Would you write out the lines below exactly, from the one containing "Profirmance Tool W50053" to the very last, but without the pictures?

:: DATASET SECTION ::
● ● ● ●
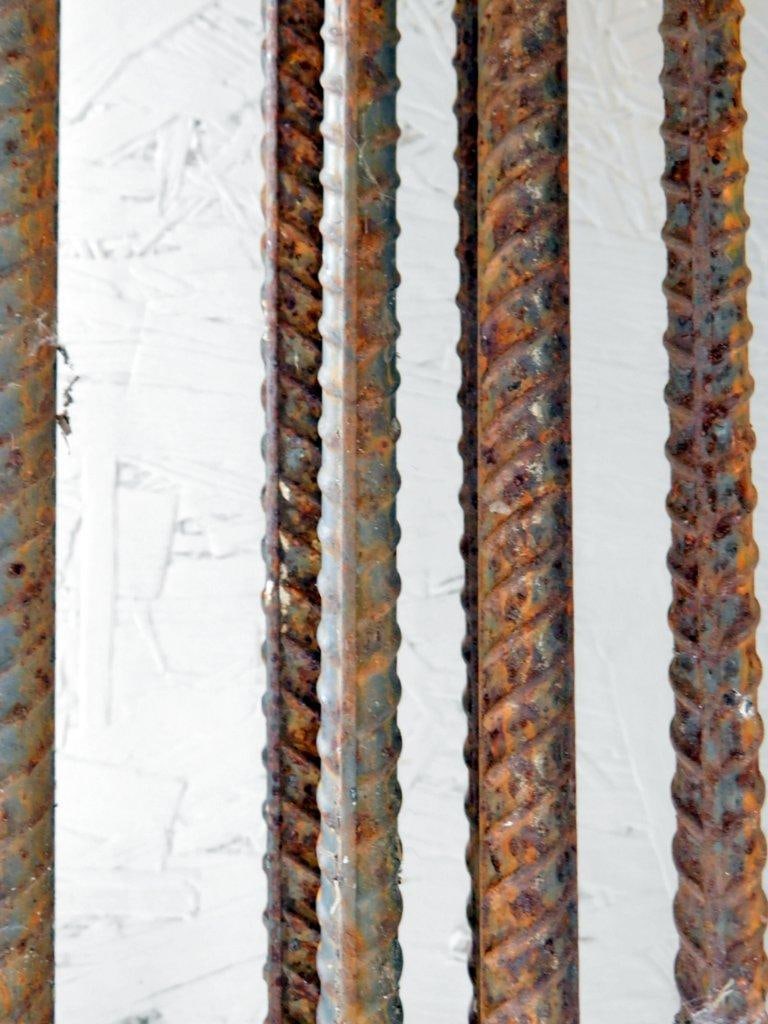 Seven Steel Reinforcement Rebar Rods - 2
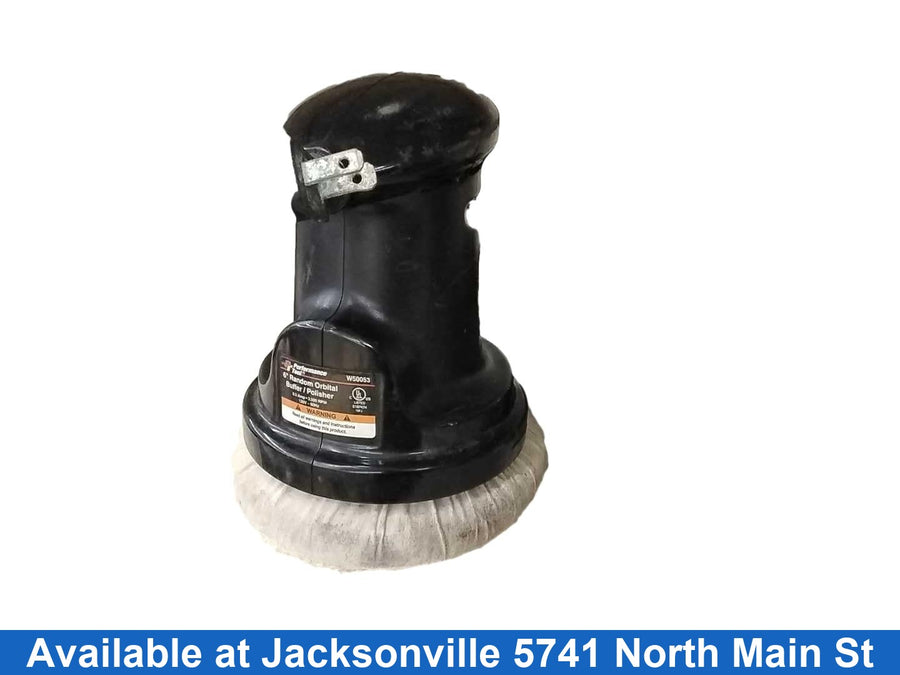 Profirmance Tool W50053 Black Floor Buffer / Polisher
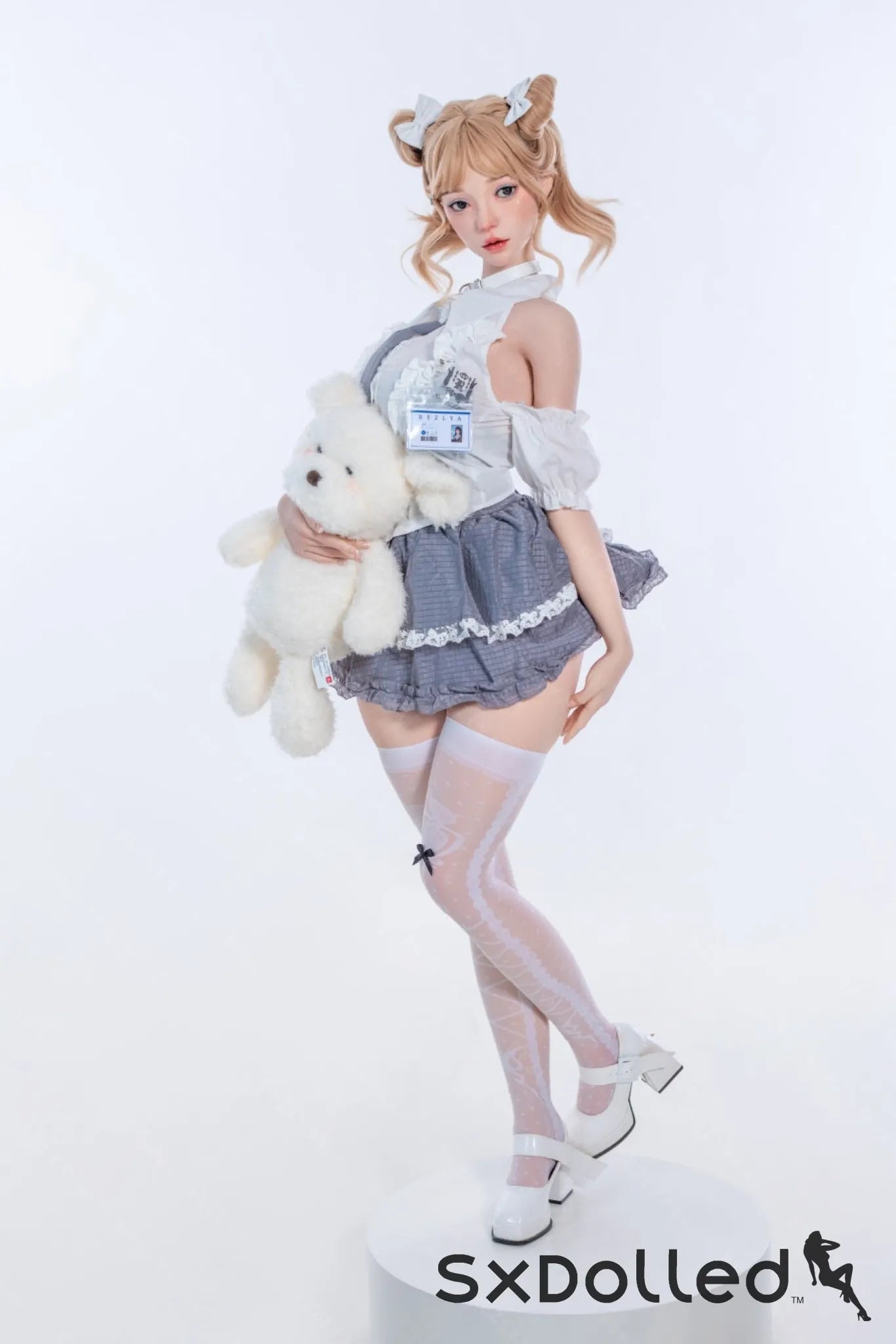Albizia (K-Cup) (155cm) | Sex Doll K-Cup / 155cm / Blonde Sex Doll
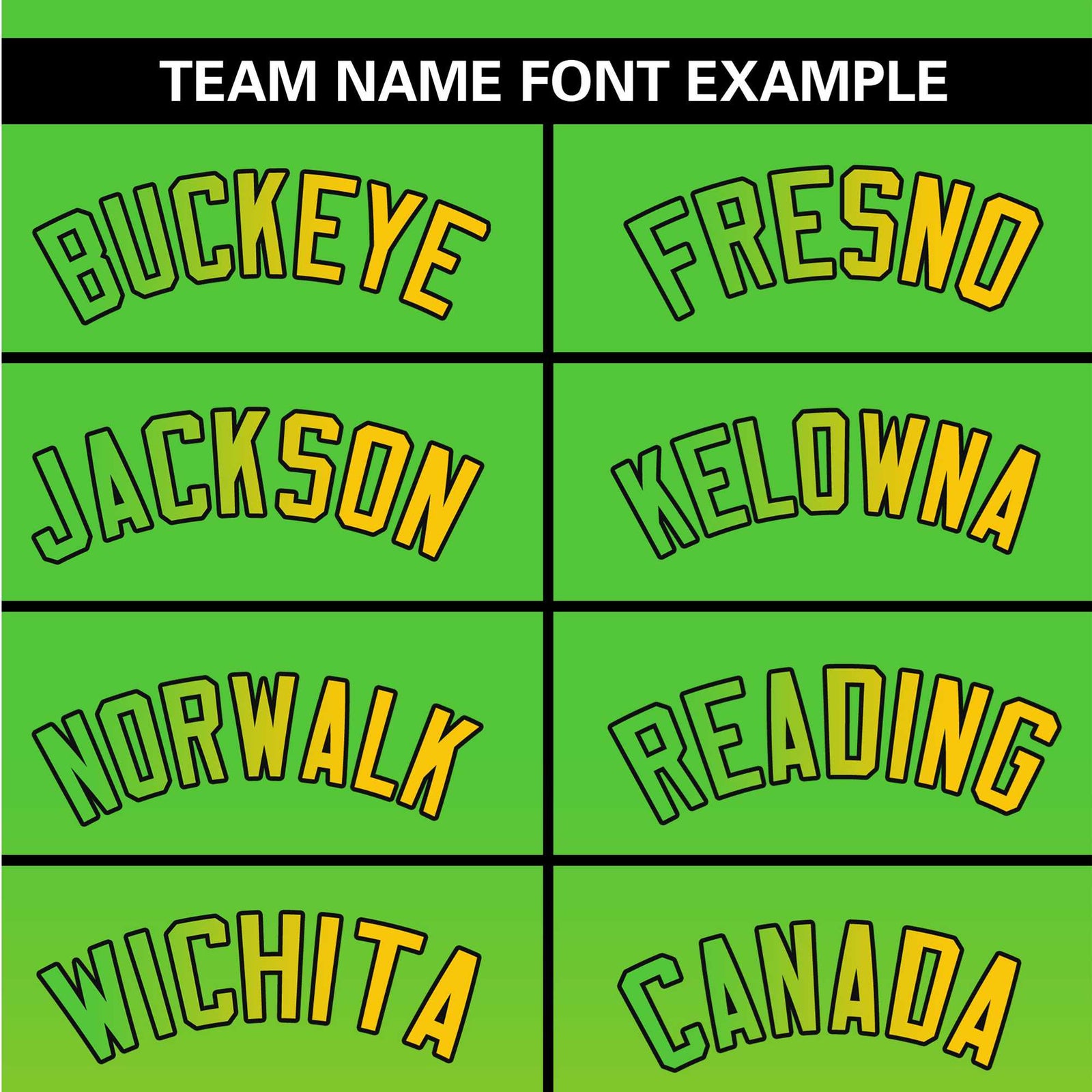 Custom Green Yellow-Black Authentic Fade Fashion Baseball Jersey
● ● ● ●
:: ANSWER BOX ::
 Profirmance Tool W50053 Black Floor Buffer / Polisher
Albizia (K-Cup) (155cm) | Sex Doll K-Cup / 155cm / Blonde Sex Doll
 Custom Green Yellow-Black Authentic Fade Fashion Baseball Jersey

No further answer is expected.